> **Available data**
--- --- ---

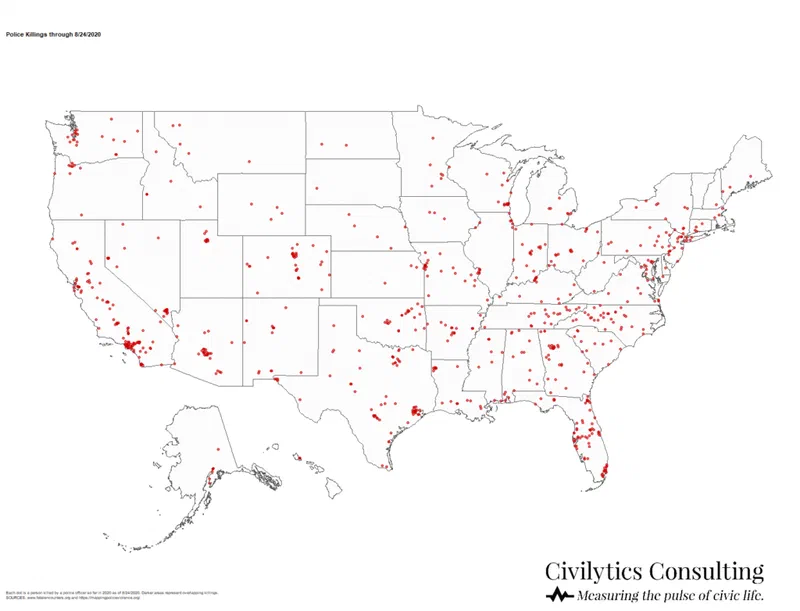This map displays reported police killings through August 24, 2020, with each red dot representing one incident. The data shows a geographically uneven distribution of police killings across the United States, with higher concentrations in several states.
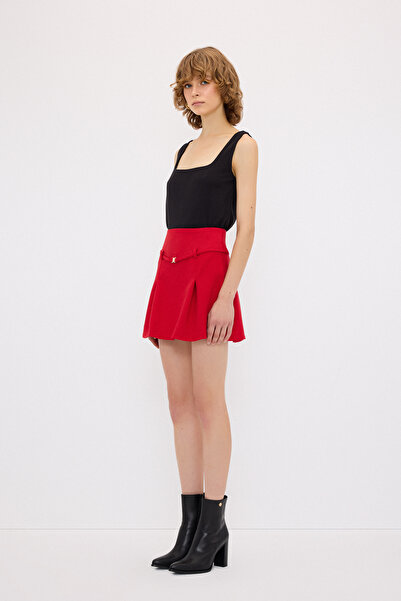 adL Pileli Mini Etek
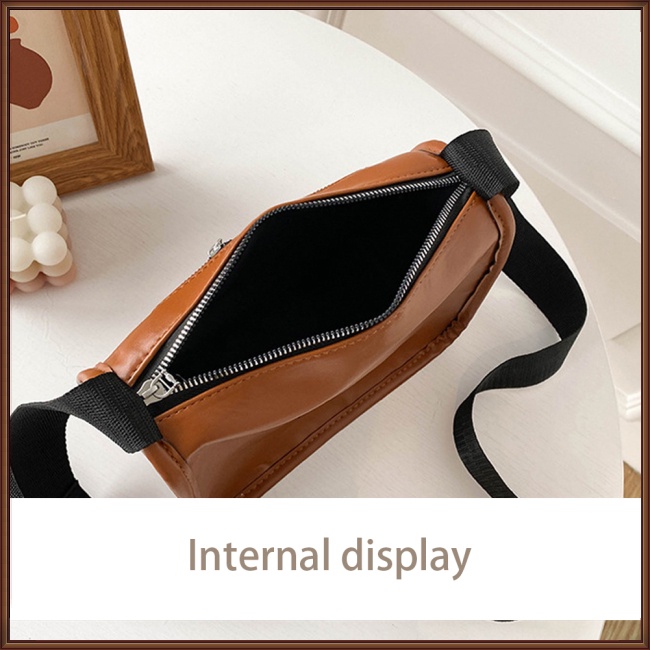 Túi Đeo Chéo Vai Bằng Da Nhân Tạo Màu Trơn Thời Trang Sành Điệu Cho Nữ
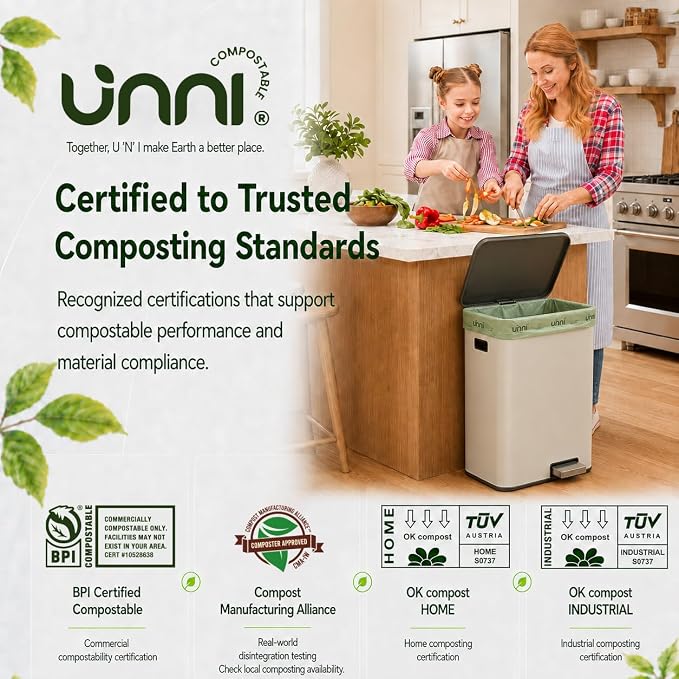 UNNI Compostable Trash Bags, 8 Gallon / 30 Liter, 50 Count, Extra Thick 0.85 mil Medium Kitchen Food Scrap Bin Liners, Certified by BPI, CMA & OK compost HOME, Meets the ASTM D6400 Standard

--- --- ---

> **Problem**
Retype exactly the lines above, starting at the line containing "adL Pileli Mini Etek" and ending with the last line, both included; leave out the pictures.

> **Completed exercise**
 adL Pileli Mini Etek
 Túi Đeo Chéo Vai Bằng Da Nhân Tạo Màu Trơn Thời Trang Sành Điệu Cho Nữ
 UNNI Compostable Trash Bags, 8 Gallon / 30 Liter, 50 Count, Extra Thick 0.85 mil Medium Kitchen Food Scrap Bin Liners, Certified by BPI, CMA & OK compost HOME, Meets the ASTM D6400 Standard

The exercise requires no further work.